The idea is to keep two indexes somewhere:

  • The function index
  • The module index

The function index stores the addresses and names of functions that are generated during the compilation process. Contains an index into the module index, pointing to the module this function is contained inside.

The module index stores the addresses and filenames of files that were compiled.

Omit the arguments field if not needed

The arguments array should only be inserted into functions which need it.
The usage of the arguments symbol can be detected at compile-time and would then set a flag in the AST node of the function.

The VM would then only need to create the arguments array for functions which have the variadic attribute.

Exception safety in the compiler

Allocated AST nodes have to be deallocated if an exception is thrown.
Currently we leak tons of memory because of this.

shared_ptr might be able to solve this issue.

Also solvable without shared_ptr using some template shenanigans to automatically register each allocated node in a vector the parser later cleans up on an error.

Embeddability

Should the VM be embeddable into other programs or should it only work as a standalone program?

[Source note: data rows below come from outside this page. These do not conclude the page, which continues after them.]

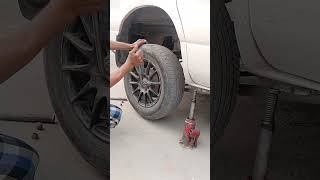 গাড়ির চাকা যেভাবে খুলতে হয়।  #automobile #parking #how to open wheel of car. #shorts # 0 to10 drive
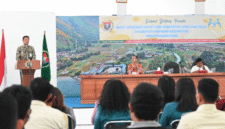 Bupati Humbang Hasundutan, Dr. Oloan Paniaran Nababan, SH, MH, Rapat Koordinasi Gugus Tugas Kabupaten Layak Anak (KLA) Tahun Anggaran 2025 pada Kamis (6/11/2025) di Aula Hutamas, Kompleks Perkantoran Tano Tubu, Doloksanggul.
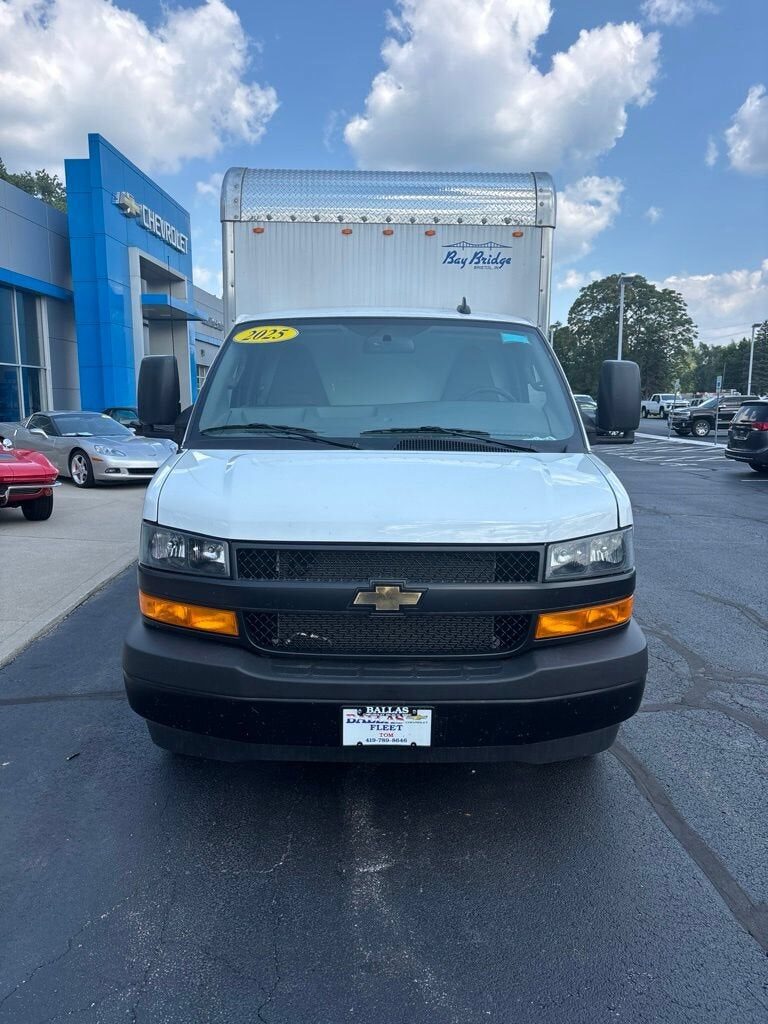 2025 Chevrolet Express Cutaway 3500 1WT Swanton OH - photo 1
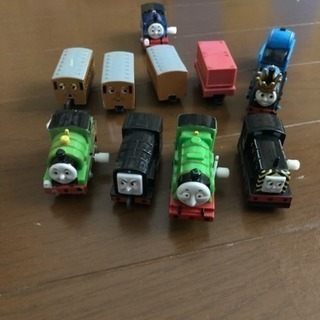 カプセルプラレールトーマスセット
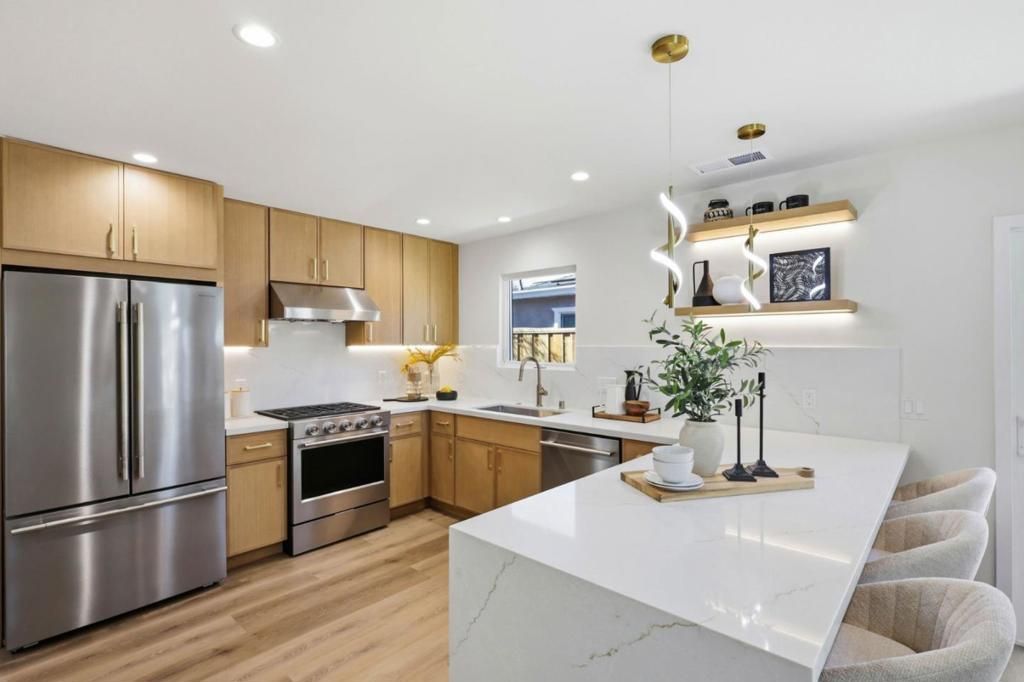 Image 7 of property listing at 3234 Hoover Street, Redwood City, CA 94063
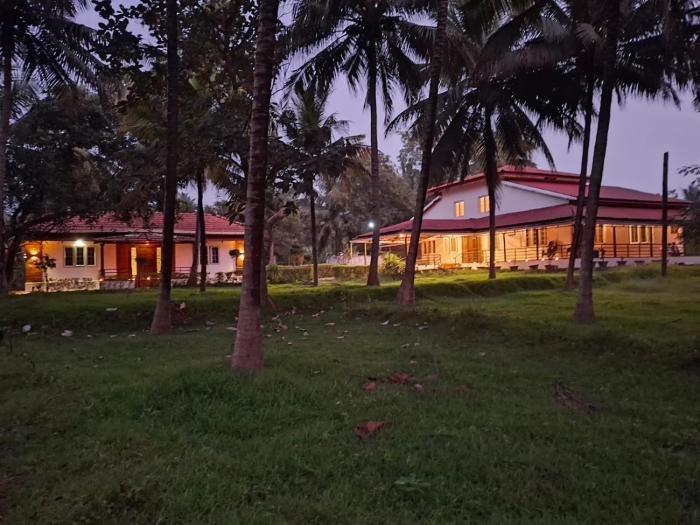 Farm Retreat by TastyTek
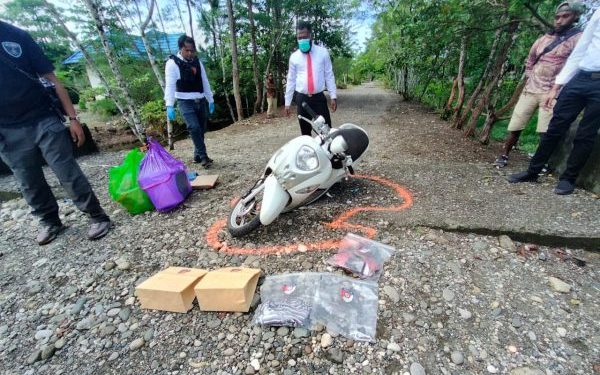 Seorang Pria Tewas Terkapar di Jalan, Tubuh Penuh Luka Tusuk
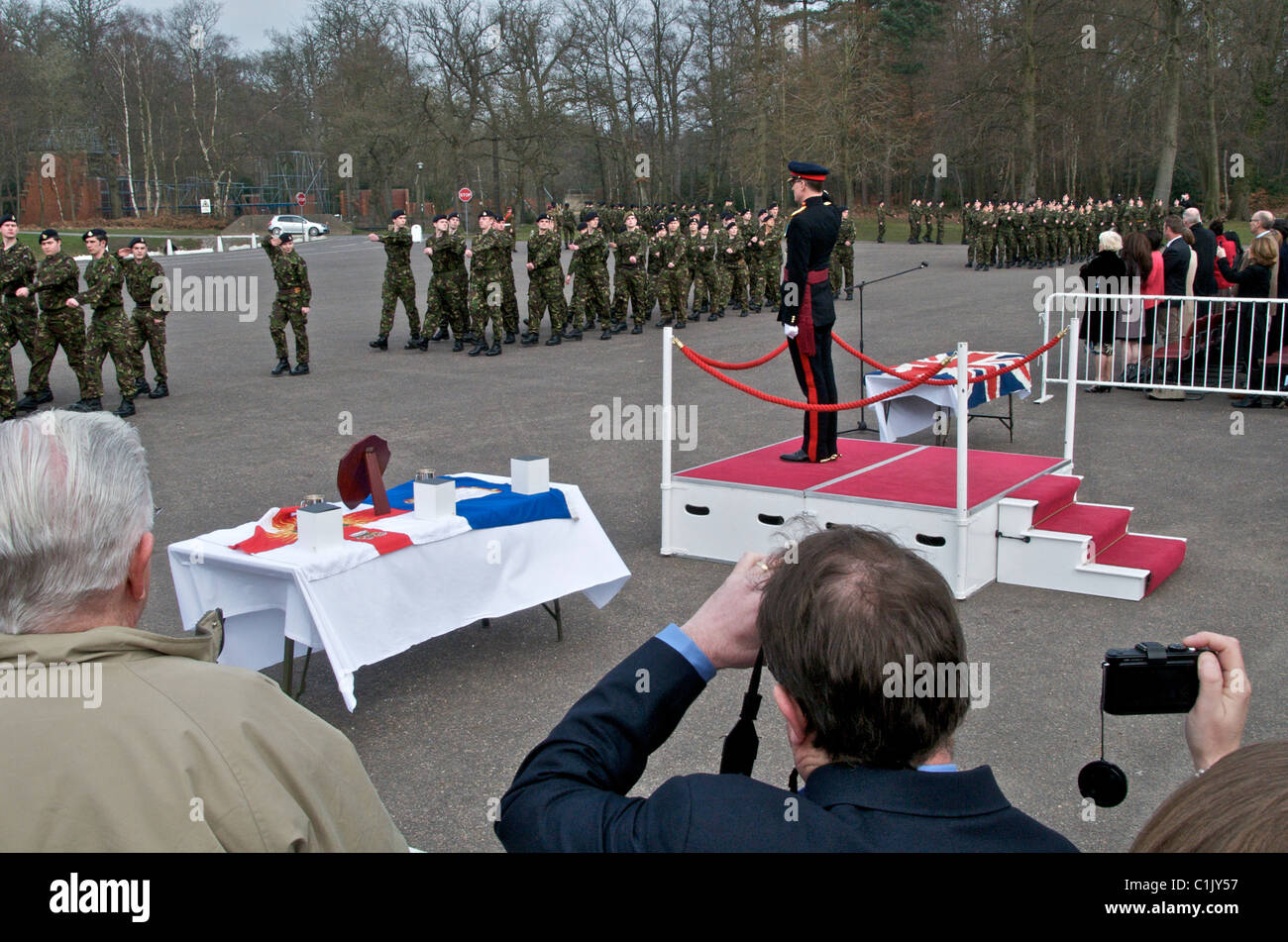 Università di Londra ufficiali' Training Corps Athlone Azienda Pass off Parata a Sandhurst Accademia Militare Reale 20/3/2011 Foto Stock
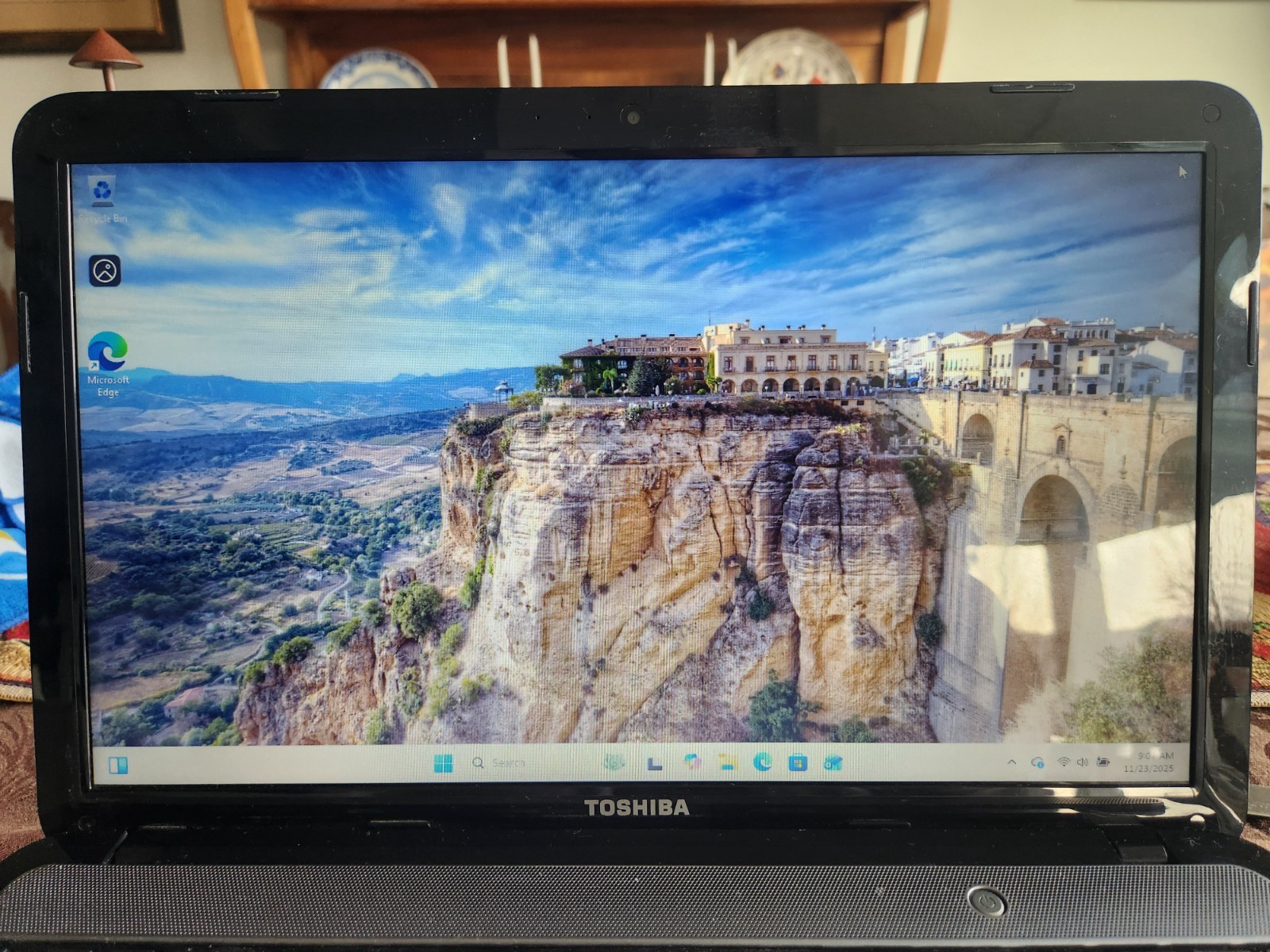 15.5″ Toshiba Satellite L855 Laptop Intel Core i7 2.40GHz 6GB DDR3 700GB Win 11
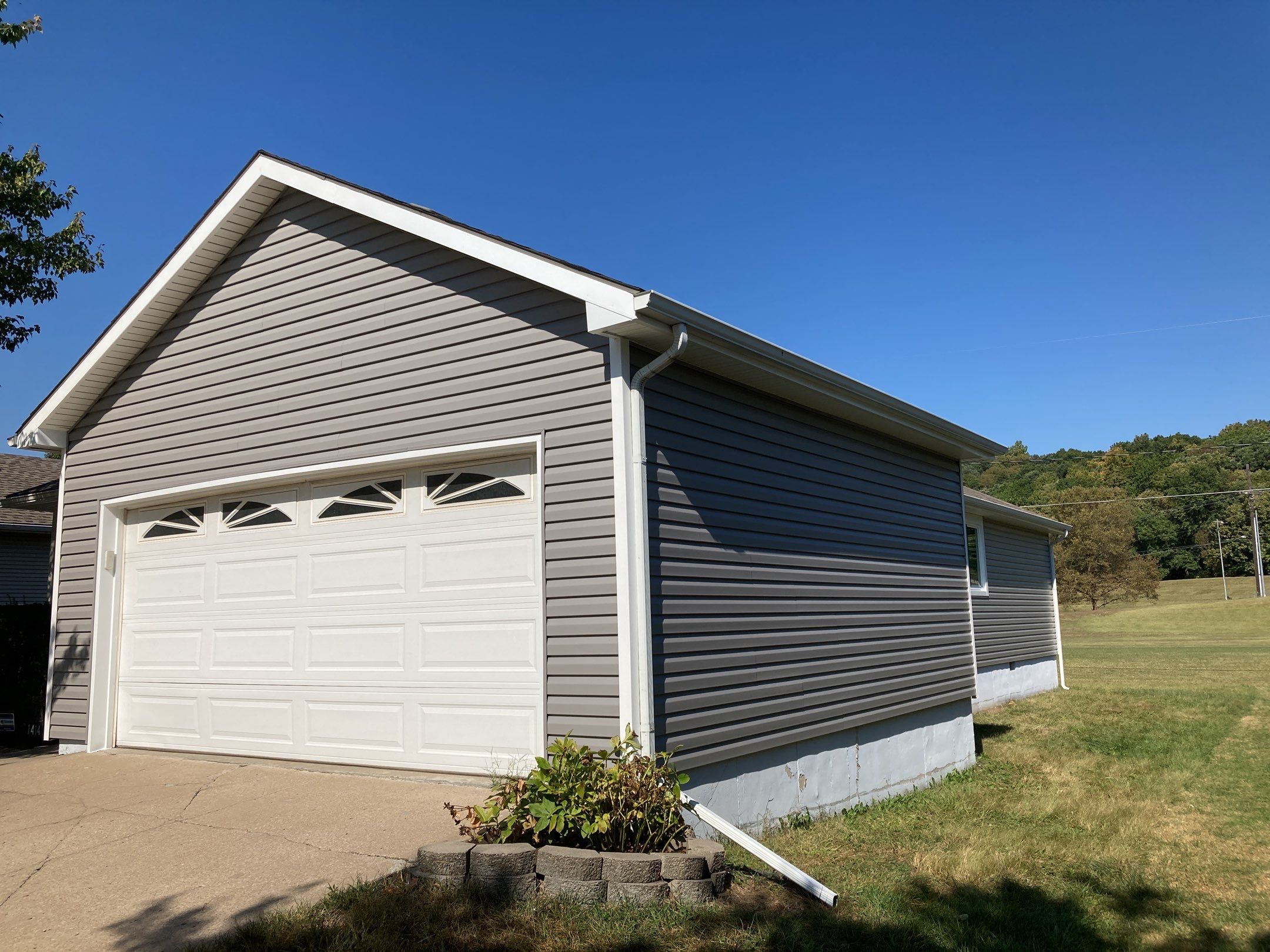 Siding Installation and new Heartland Elite windows by EEC  Windows, Siding & Roofing 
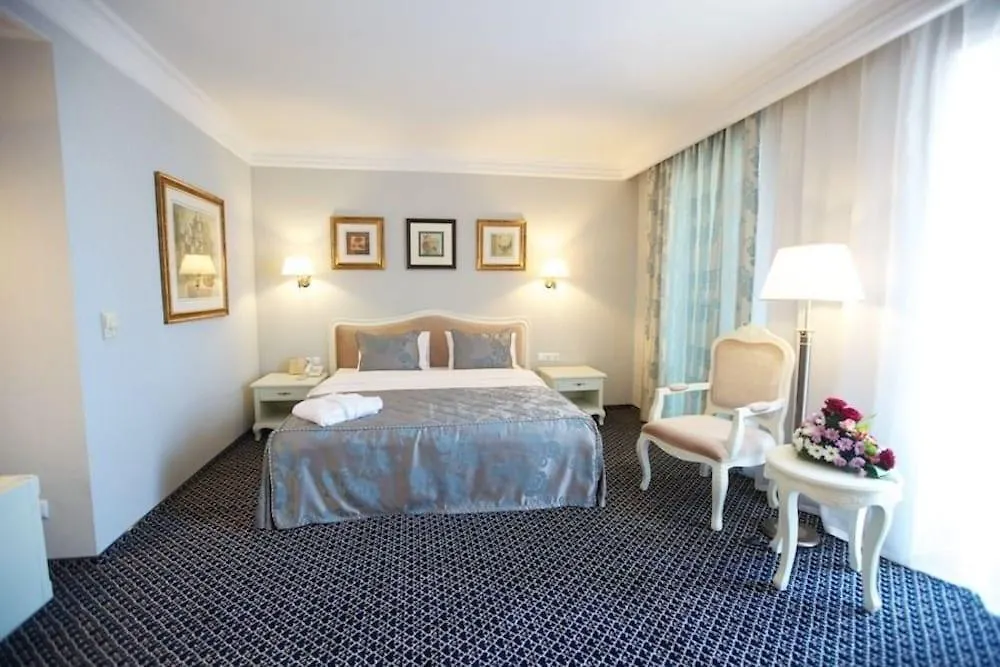 Kazzhol Hotel Astana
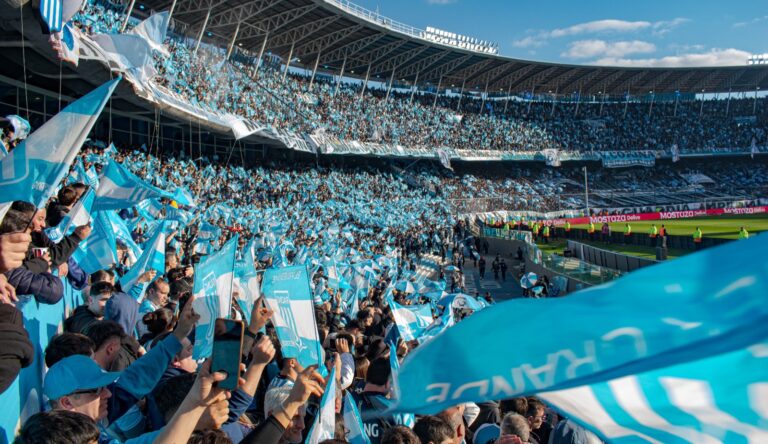 Racing a Semifinal de Libertadores
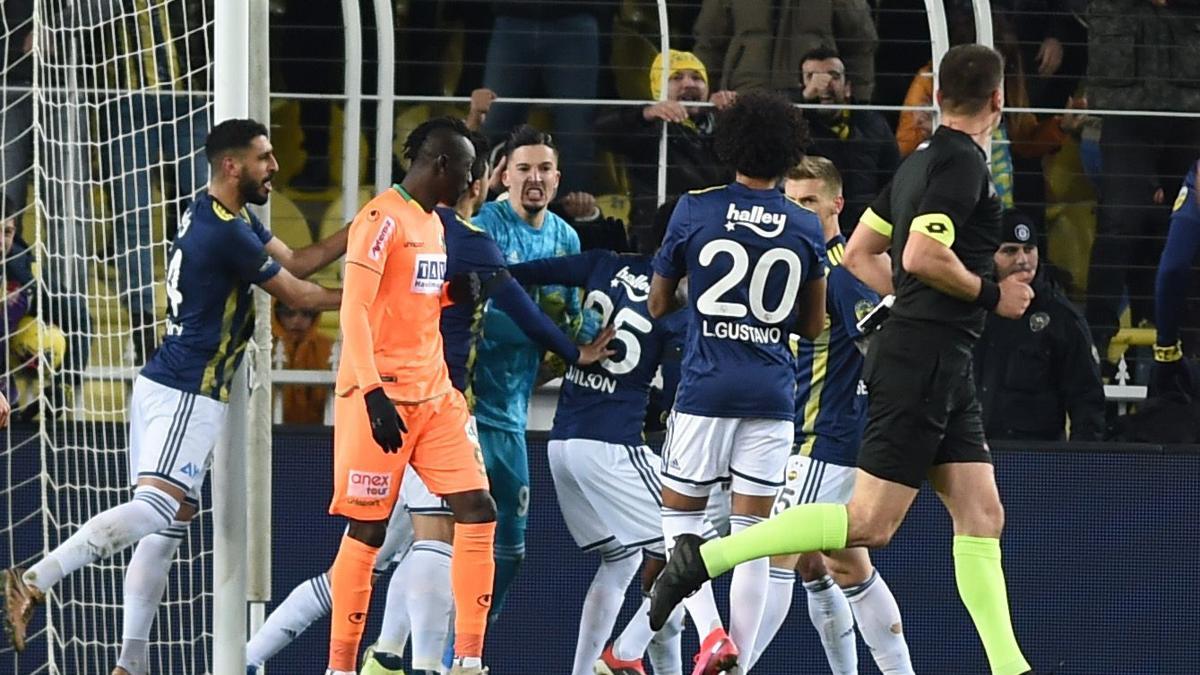 Fenerbahce De Penalti Isyani Altay Dan Mac Sonu Carpici Sozler Son Dakika Spor Haberleri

AND assignment for bitwise operators

Implement the following AND assignment operators:

&=   // AND assignment
|=   // OR assignment
^=   // XOR assignment
<<=  // left-shift assignment
>>=  // right-shift assignment

Import statement

Description

import statements are used to include libraries and other charly source files.

Import

  • following the import keyword with an identifier will import that identifier
// source
import foo

// desugared
const foo = __import("foo", "/tmp/1234")

Import from expression

  • if the library name is anything other than an identifier it will be treated as an expression
    • this can be used to dynamically import files
  • the expression may be wrapped in parens
    • note: parens cannot be used to form a tuple-like syntax
// source
import "myfile.ch"
import (foo) as foolib
import getlibname() as lib

// desugared
__import("myfile.ch", "/tmp/1234") // no declarations generated
const foolib = __import(foo, "/tmp/1234")
const lib = __import(getlibname(), "/tmp/1234")

Renamed import

  • the as keyword can be used to assign the imported library to a different name
// source
import foo as myfoo
import "bar" as mybar

// desugared
const foo = __import("foo", "/tmp/1234")
const myfoo = foo
const mybar = __import("bar", "/tmp/1234")

Import specific fields

  • curly braces can be used to extract specific fields from a library
  • imported fields can be renamed via an as keyword
    • both declarations should be accessable
  • the library name needs to be passed after a from keyword
  • this syntax can be combined with the as syntax
// source
import { open, read, close } from fs
import { open, read, close } from fs as thefslib
import { foo as f, bar as b } from foobarlib

// desugared
const fs = __import("fs", "/tmp/1234")
const { open, read, close } = fs

const fs = __import("fs", "/tmp/1234")
const thefslib = fs
const { open, read, close } = fs

const foobarlib = __import("foobarlib", "/tmp/1234")
const { foo, bar } = foobarlib
const f = foo
const b = bar

Module resolution

  • Runtime has table of known builtin modules
    • Can return those directly without any filesystem lookups
  • Absolute paths (paths starting with a /)
    • Path is looked up directly
    • No further lookups are done
  • All other paths are looked up in the folder hierarchy of the file where the import occured

The import statement import "somelib" in the file /foo/bar/baz/index.ch would result in the following filesystem lookups:

  • /foo/bar/baz/somelib
  • /foo/bar/baz/somelib.ch
  • /foo/bar/somelib
  • /foo/bar/somelib.ch
  • /foo/somelib
  • /foo/somelib.ch
  • /somelib
  • /somelib.ch

Module caching

  • When a module is executed, a reference to it is stored in a cache somewhere
  • If in the future the same module gets included again, the cached version is returned
    • The cache stores the mtime of the source file
    • If the file was modified after it was put into the cache, the cache entry is cleared and the module is executed again
  • If two fibers import the same module, only a single instance of the module should be created
    • Only a single module should be executed
    • Fibers need to acquire some kind of lock on the import path

String optimizations

Currently a string is allocated every time there is a string operation.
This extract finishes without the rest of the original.